As an expert in water supply and hydroelectric projects, Hogan served as a consultant to numerous private utilities and government entities. Hogan helped to prepare a report for the United States Army Corps of Engineers that studied the potential of the Delaware River for hydroelectric power and water supply. (Note: The report was part of a nationwide study known as the "308 Report".) He was also hired by the Corps of Engineers as a consultant on the design of the Bonneville Dam on the Columbia River and played an important role in the development of innovations related to the dam's hydraulics and turbines.

In 1937, Hogan was appointed as chief engineer of the 1939 New York World's Fair. He was responsible for transforming the site of a former ash dump in Queens (now part of Flushing Meadows–Corona Park) into fairgrounds, with soil engineering and foundation testing, construction of new buildings, and the addition of transportation infrastructure (including new roads and a subway branch) capable of accommodating the arrival or departure of 168,000 attendees per hour.

Hogan received an honorary Doctor of Engineering degree at the commencement exercises of New York University in June 1940. After the destroyers-for-bases deal was made between the United States and the United Kingdom later that same year, Hogan designed air bases at Antigua, British Guiana, Trinidad, and Saint Lucia in the Caribbean as part of a joint partnership with the firm of Voorhees, Walker, Foley & Smith.

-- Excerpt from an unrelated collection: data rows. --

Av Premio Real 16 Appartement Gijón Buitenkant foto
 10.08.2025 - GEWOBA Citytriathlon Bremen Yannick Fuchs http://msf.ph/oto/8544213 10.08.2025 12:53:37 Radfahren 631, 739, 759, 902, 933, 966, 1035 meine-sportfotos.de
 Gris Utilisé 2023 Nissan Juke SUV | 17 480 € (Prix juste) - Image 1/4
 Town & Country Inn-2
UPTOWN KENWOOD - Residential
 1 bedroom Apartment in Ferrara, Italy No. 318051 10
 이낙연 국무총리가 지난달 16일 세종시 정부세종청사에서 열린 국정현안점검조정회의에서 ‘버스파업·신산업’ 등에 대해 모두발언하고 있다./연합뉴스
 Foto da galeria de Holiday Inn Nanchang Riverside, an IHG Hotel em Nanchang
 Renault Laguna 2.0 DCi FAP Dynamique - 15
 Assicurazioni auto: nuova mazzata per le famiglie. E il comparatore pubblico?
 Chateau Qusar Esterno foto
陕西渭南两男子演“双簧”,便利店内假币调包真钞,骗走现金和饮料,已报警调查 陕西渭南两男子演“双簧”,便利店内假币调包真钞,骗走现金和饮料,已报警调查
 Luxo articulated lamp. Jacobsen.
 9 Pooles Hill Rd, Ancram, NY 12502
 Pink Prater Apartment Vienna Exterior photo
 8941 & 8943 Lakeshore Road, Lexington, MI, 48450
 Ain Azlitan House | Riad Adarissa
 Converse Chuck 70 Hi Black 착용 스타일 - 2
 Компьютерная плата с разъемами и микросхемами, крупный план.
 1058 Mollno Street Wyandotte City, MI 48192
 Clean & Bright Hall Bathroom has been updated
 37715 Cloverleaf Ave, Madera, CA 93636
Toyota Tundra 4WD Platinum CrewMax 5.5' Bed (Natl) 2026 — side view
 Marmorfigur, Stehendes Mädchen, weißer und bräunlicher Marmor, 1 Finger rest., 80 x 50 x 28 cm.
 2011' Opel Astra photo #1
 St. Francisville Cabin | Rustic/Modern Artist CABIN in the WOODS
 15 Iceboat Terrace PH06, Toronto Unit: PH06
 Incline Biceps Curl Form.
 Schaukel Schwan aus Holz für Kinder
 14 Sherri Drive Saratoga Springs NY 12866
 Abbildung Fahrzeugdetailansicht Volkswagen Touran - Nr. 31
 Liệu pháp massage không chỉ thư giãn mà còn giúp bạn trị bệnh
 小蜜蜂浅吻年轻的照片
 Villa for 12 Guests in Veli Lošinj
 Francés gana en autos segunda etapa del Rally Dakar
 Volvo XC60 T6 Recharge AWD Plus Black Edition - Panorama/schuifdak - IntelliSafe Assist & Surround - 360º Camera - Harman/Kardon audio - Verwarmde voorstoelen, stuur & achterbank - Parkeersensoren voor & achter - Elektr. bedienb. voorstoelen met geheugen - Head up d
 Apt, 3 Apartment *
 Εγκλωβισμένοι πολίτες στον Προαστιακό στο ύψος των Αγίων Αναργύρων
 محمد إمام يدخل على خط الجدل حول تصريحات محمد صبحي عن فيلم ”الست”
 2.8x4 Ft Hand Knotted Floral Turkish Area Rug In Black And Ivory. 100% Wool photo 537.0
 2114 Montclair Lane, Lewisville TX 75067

Hogan intended to retire in 1946 upon the recommendation of his doctor. However, he was appointed by New York City Mayor William O'Dwyer to a board tasked with selecting and developing a site for the headquarters of the United Nations (UN). Although Flushing Meadows was originally selected as the site for the UN headquarters (the former location of the 1939 World's Fair, which Hogan was very familiar with), the location was subsequently changed to the East Side of Manhattan. The new location required the widening of streets and the construction of new interchanges with the East River Drive, but the main challenge involved creating a tunnel to reroute First Avenue adjacent to the site of the UN. Hogan obtained an easement from the UN to reroute the utilities that had been located under the roadway, which allowed for cut-and-cover construction and resulted in a cost savings of $5 million. Hogan remarked, "What I entered into as a public duty developed into a large job with considerable prestige attached. There could be no thought of retirement until it was well under way." He finally retired in 1947.

==Professional societies==

Hogan was elected as a junior member of the American Society of Civil Engineers (ASCE) in 1904. He became an associate member and a member of ASCE in 1912 and 1915, respectively. He later served as director (1921–1923), vice-president (1934–1935), and president (1940) of ASCE.

Hogan also was a member of the American Institute of Electrical Engineers, American Society of Mechanical Engineers, and the Society of American Military Engineers, serving as vice-president of the latter.

==Personal life and death==

As a bachelor, Hogan was a roommate of fellow civil engineer J. Waldo Smith for several years. He married Helen Fargo on October 4, 1929 in New York City; she was the former wife of William C. Fargo.

Hogan enjoyed golf and travel as recreational activities. He was a member of the Century Club, Harvard Club, and Engineers' Club of New York City. For the last five years of his life, Hogan split his time between New York and Santa Barbara, California. He died in Santa Barbara on June 9, 1961 and was buried at Santa Barbara Cemetery.